Старик резко сбросил ноги наземь, растёр глаза. Ночь глубокая, уснул крепко, ровно песку в глаза сыпанули, аж веки успели хватиться. Вслепую нашарил сапоги, нырнул в голенища, встал. Пошатывает. Оно и понятно, не мальчишка, да и вздёрнулся больно резко.
— Ходу!
— Через дом? Перебудим же!
— Через тын. Море рядом. Дом на берегу.
— А лошади?
— За ними вернёмся. Теньку не отдам. Ходу.

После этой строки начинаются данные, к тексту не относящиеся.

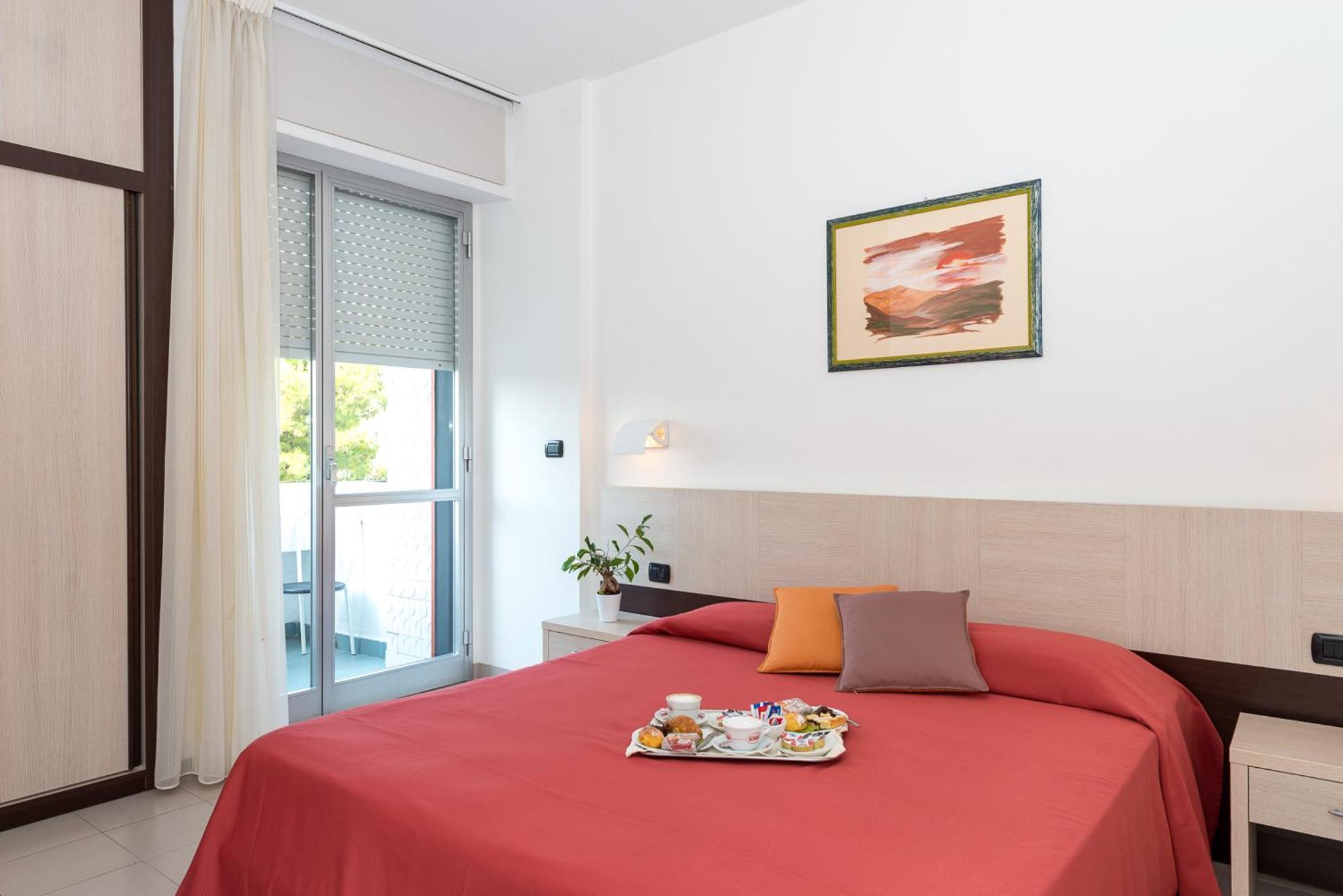 Zenit Hotel Giulianova Bagian luar foto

Безрод махом перелетел через тын, верховный, кряхтя, полез. А надо было сразу так — жердины не выдержали веса Стюженя, жалобно просели, с громким треском надломились. Старик вздохнув, просто пнул забор, и звено из сплетенных жердин просто лопнуло в середине.
— Ты как медведь.
— Меня в молодости так и звали.
Там, впереди в сотне шагов мрак плескался шумом волн. Бросив последний взгляд на дом, который сулил спокойную ночь, Сивый в глубокой, непроглядной темени даже не увидел, а угадал тень. Добрая, улыбчивая тень, поди, недоумевает, отчего так по-воровски, да в ночь, без единого слова. Ни тебе: «Благодарю, мать», ни тебе: «Зла не попомни». А не случись всё так погано, может быть, и дождались бы солнечного: «В добрый путь»?
— Куда? Кто там по нашу душу навострился?
— Не знаю. Но идут к дому Косарика. А тут уж думай, старый. У тебя голова больше.
— Море… море… Кругом песок. По следам найдут.
— Тогда лодка?
— Тогда лодка.
Мало не бегом слетели с холмистого берега на песчаную прибрежную полосу. Пристань с ладьями осталась правее. Вон горят мачтовые светочи, хлопают прапора и паруса, и на мысу, сложенный из тесаных валунов, высится теремок с путеводным светочем. Предводители дружин громко раздают приказы, потрескивает дерево, над пристанью нет-нет да плывёт дружный гогот. Скабрезный донельзя. Ни над чем другим никакая дружина так слаженно не ржёт. Городок лежит чуть дальше в сушу, и выкрашен по-другому: собачьим лаем, ржанием лошадей, да редкими огнями в эту ночную пору.
— Ты понял, что творится? — старик, встав перед подходящей лодкой, кивнул назад, на пристань.
— Чего ж не понять, — Сивый усмехнулся. — Даже ночью приходят-уходят.
— Никогда такой суеты не было, — верховный, поплевав на ладони, сунул руки под борт. — Н-навались, босота! Уф, пошла, пошла-а-а-а! Тяжелая, зараза! Оттниры ладья за ладьёй уходят на восток. Одна за другой. Кто-то их нанимает. Никогда такого не было.
— Кучно пошли. Косяком.
— И должен тебе сказать, золотой у кого-то невод, — старик, отдуваясь, присел на борт только что перевёрнутой лодки. Её осталось только на воду спустить. — Что затевается на востоке? Для чего кому-то свободные дружины оттниров, млечей, былинеев, соловеев? Даже не так… зачем ему столько дружин? Кто этот богач? Исполинская собирается дружина. Война?